Kisah Keempat

501 86 9
                                    

Kebetulan-kebetulan rasanya selalu datang menghampiri Renjun. Yang entah itu kebetulan bertemu Jeno, ataupun kebetulan bertemu Jisung—teman dari adiknya. Seperti saat ini, keduanya bertemu sacara kebetulan di taman tak jauh dari tempat Renjun berkerja. Renjun yang tengah menikmati angin sepoi-sepoi di sore hari, mendapatkan seseorang menyentuh pundaknya dan duduk di sampingnya. Rupanya itu Jisung. Untuk kesekian kalinya, kedua orang itu bertemu.

"Sedang apa?" remaja jangkung itu bertanya. Matanya tak lepas memperhatikan Renjun yang masih menutup mata, menengadah seolah sangat menikmati angin yang berterbangan menerpa wajahnya.

Jisung paham, sepertinya lelaki di sampingnya tidak ingin berbicara dahulu untuk sesaat. Alhasil dia hanya terdiam, turut menikmati angin yang membuat surainya menari-nari ringan.

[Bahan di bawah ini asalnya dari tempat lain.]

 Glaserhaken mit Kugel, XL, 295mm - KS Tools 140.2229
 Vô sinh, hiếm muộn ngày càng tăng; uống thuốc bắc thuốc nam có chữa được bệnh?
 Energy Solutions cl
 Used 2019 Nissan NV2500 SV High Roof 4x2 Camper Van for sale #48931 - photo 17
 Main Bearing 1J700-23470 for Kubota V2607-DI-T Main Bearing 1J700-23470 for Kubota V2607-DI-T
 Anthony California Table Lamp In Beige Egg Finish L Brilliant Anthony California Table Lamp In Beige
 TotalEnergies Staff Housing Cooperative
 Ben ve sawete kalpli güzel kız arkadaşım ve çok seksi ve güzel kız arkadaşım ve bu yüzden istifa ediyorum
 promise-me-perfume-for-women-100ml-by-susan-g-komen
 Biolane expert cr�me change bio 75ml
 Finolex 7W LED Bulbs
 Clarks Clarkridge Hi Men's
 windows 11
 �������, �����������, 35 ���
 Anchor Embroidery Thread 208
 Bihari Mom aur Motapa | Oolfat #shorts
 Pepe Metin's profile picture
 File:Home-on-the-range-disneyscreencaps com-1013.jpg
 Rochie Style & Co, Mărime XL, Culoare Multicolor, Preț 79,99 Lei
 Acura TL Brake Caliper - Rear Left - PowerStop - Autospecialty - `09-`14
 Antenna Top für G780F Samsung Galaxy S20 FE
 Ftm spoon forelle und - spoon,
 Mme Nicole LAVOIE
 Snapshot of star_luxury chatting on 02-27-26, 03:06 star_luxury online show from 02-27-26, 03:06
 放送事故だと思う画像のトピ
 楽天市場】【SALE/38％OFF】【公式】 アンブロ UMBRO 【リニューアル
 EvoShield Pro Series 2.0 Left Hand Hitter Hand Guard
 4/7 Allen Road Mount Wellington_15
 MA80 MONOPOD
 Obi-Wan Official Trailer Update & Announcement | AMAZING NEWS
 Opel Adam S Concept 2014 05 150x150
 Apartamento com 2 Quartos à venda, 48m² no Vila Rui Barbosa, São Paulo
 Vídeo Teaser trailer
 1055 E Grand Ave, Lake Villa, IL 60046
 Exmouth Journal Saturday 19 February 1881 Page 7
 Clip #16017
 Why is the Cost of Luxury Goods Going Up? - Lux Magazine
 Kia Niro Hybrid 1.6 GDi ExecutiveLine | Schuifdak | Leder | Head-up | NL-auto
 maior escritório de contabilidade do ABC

Beberapa kali dipertemukan oleh takdir, Jisung sudah mulai tahu siapa Renjun. Pemikiran bahwasanya sosok Renjun merupakan seorang pemulung rupanya salah saat lelaki itu mengatakan sesungguhnya. Keduanya sudah mulai bercerita banyak, bahkan hubungan Renjun dengan Chenle sekalipun. Awalnya Jisung tidak terlalu percaya, namun saat melihay dengan mata kepalanya sendiri bahwasanya Chenle keluar dari rumah yang sama dengan teman barunya itu, Jisung mempercainya. Selama ini Chenle berbohong, entah itu kepada dirinya ataupun dengan orang banyak.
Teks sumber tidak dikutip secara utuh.